┌────────
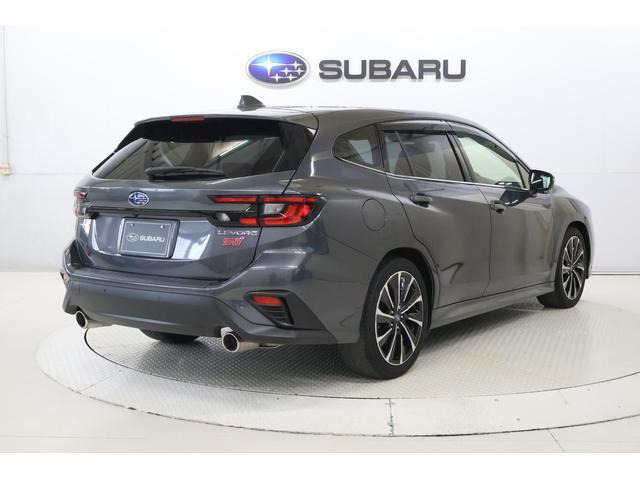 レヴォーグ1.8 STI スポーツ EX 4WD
└────────
┌────────
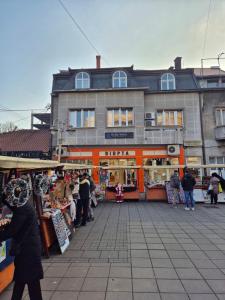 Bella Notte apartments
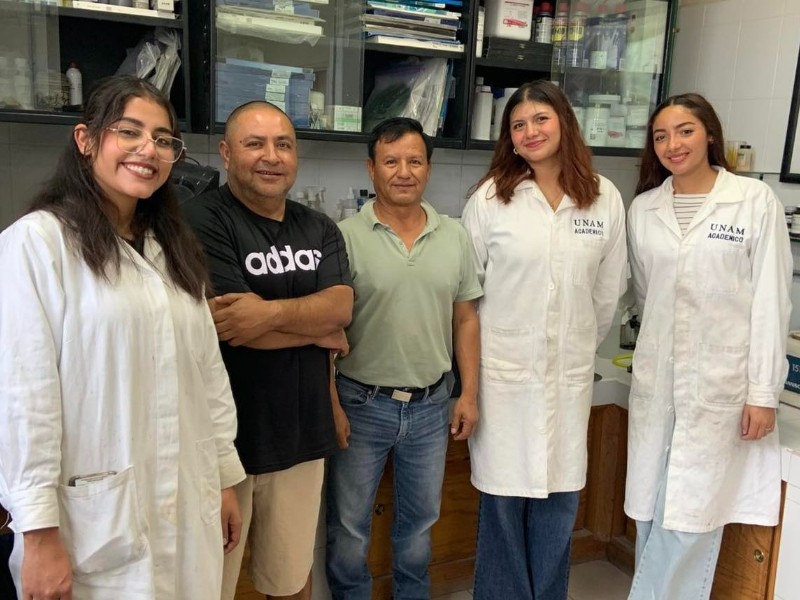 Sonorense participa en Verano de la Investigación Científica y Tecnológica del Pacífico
└────────
[YOUR TASK]
Using the entries above, transcribe exactly from the line that has "Bella Notte apartments" through the line that has "Sonorense participa en". Pictures are dropped.

[ANSWER TO THIS PROBLEM]
 Bella Notte apartments
 Sonorense participa en Verano de la Investigación Científica y Tecnológica del Pacífico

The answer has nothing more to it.